§ Task statement:
Your task is to find every line in the records that holds the string "with" and copy it.

§ Exercise inputs:
Segment Open

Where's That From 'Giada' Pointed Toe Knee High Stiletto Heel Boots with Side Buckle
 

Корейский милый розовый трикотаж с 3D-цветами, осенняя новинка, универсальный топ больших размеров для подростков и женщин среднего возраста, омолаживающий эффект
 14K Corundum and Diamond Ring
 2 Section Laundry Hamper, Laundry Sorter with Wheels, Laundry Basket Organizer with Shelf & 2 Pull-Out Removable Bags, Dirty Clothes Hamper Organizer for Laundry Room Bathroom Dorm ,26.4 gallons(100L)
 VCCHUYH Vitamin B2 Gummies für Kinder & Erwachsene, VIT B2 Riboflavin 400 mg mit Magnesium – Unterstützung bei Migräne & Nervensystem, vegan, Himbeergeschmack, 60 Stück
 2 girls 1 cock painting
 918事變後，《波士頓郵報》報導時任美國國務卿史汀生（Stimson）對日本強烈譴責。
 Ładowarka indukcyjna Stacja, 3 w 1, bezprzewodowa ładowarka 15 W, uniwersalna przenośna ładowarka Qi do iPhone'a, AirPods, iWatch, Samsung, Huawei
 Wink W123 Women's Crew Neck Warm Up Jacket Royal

Segment Closed

§ Expected answer:
Where's That From 'Giada' Pointed Toe Knee High Stiletto Heel Boots with Side Buckle
 2 Section Laundry Hamper, Laundry Sorter with Wheels, Laundry Basket Organizer with Shelf & 2 Pull-Out Removable Bags, Dirty Clothes Hamper Organizer for Laundry Room Bathroom Dorm ,26.4 gallons(100L)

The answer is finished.